• **Try it**: The lines to print run from the top of the material below to the line with "Brown mid-century modern", inclusive; please copy them exactly, without pictures.

[Data shown Boundary: Start]

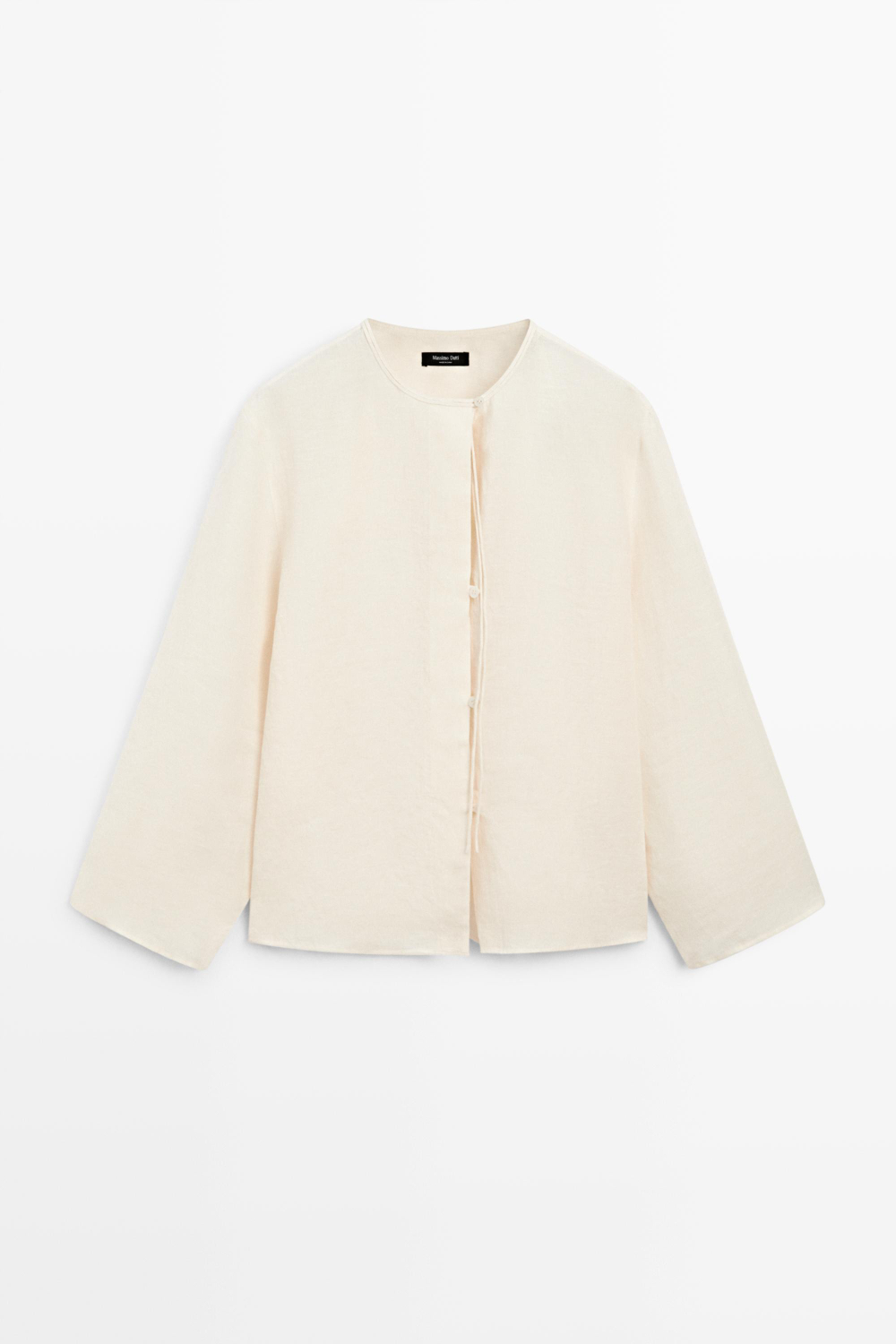 Massimo Dutti Рубашка из 100% льняной ткани с вырезом, ванильный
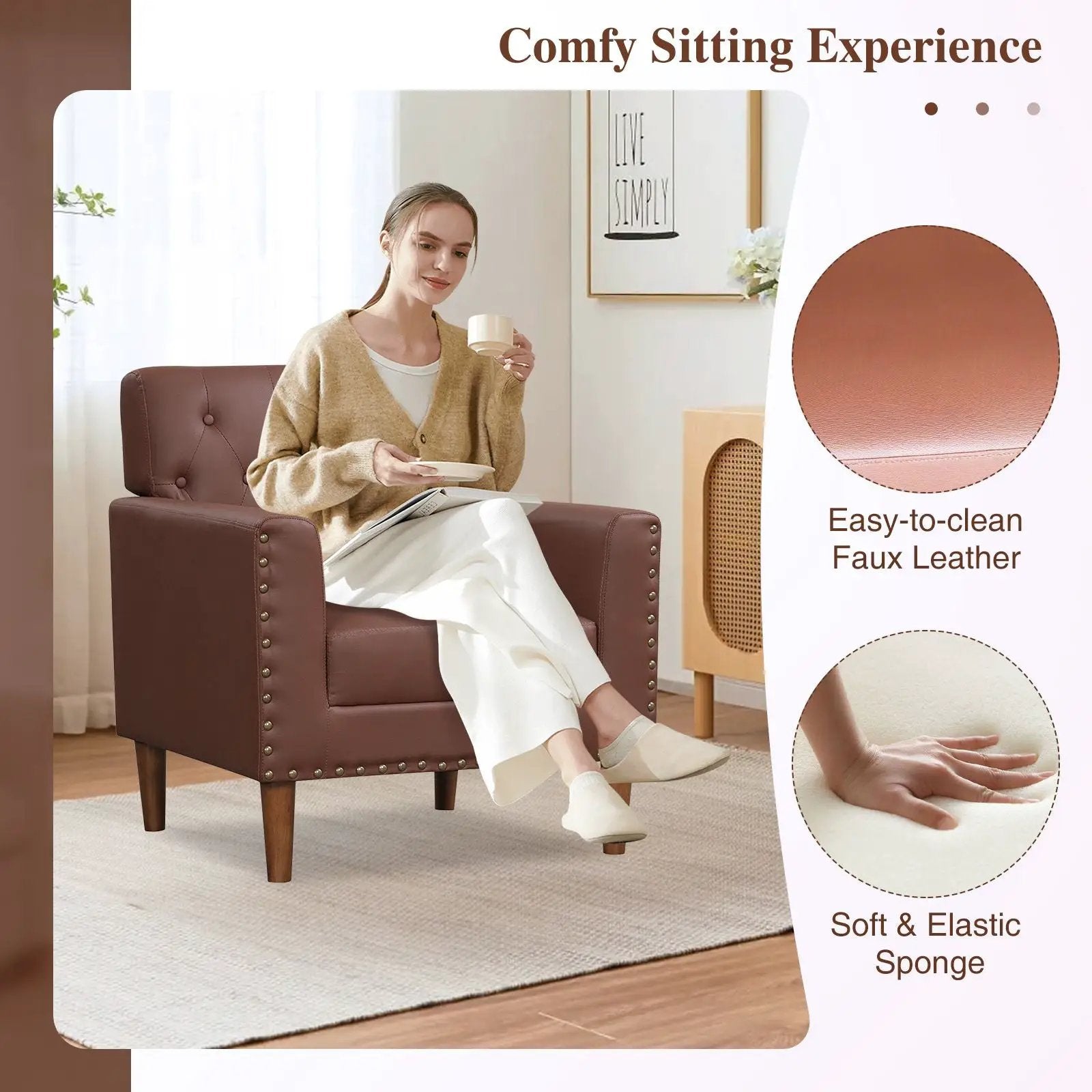 Brown mid-century modern button tufted accent chair with rivet details by Platinum-Level Office Chairs, showing plush upholstery and stylish design.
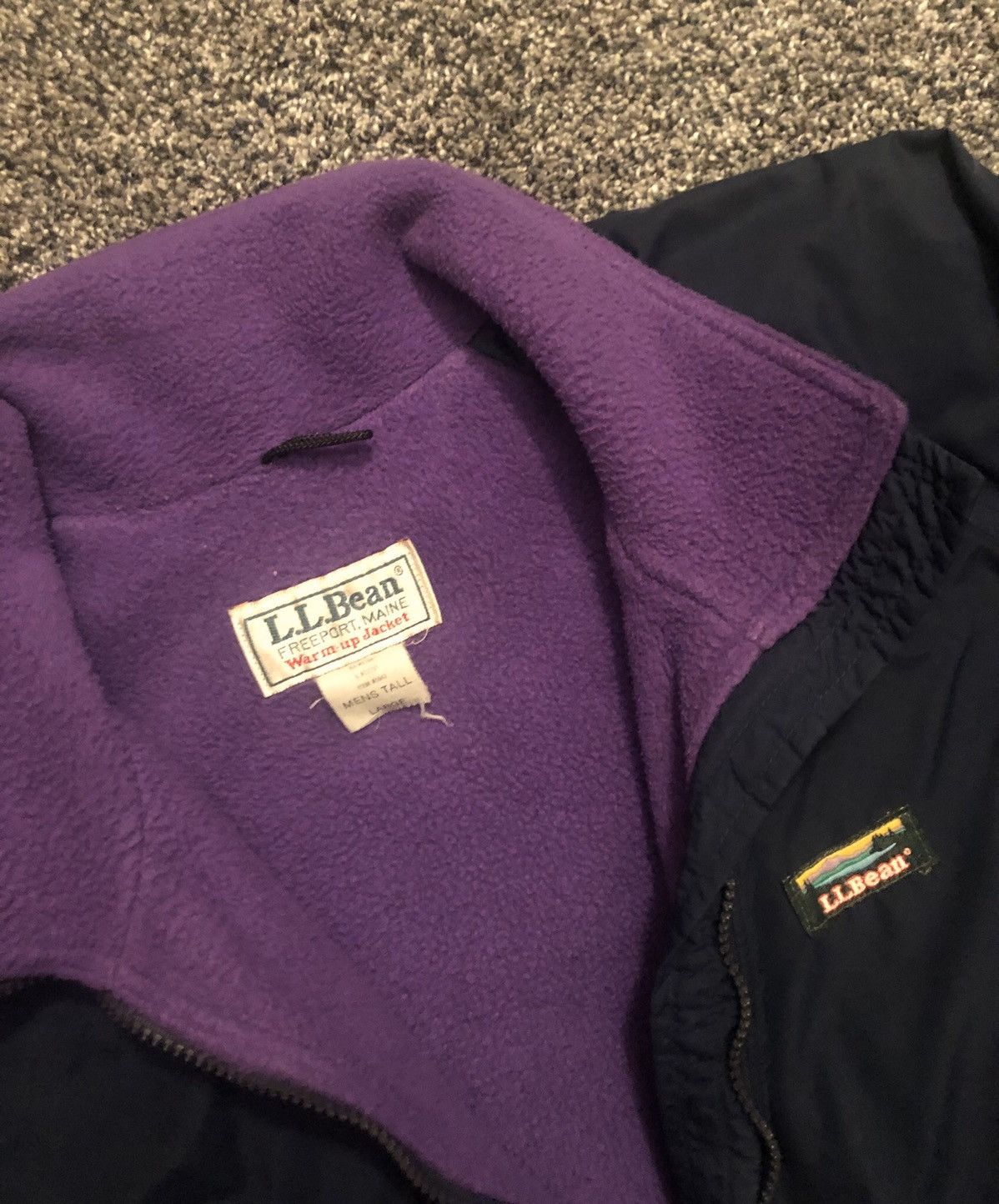 L.L. Bean × Vintage 🔥90s L.L. Bean Navy/ Purple Fleece Vintage Warm Up Jacket Size US L / EU 52-54 / 3 - 5 Thumbnail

[Data shown Boundary: End]

• **Answer to this exercise**:
 Massimo Dutti Рубашка из 100% льняной ткани с вырезом, ванильный
 Brown mid-century modern button tufted accent chair with rivet details by Platinum-Level Office Chairs, showing plush upholstery and stylish design.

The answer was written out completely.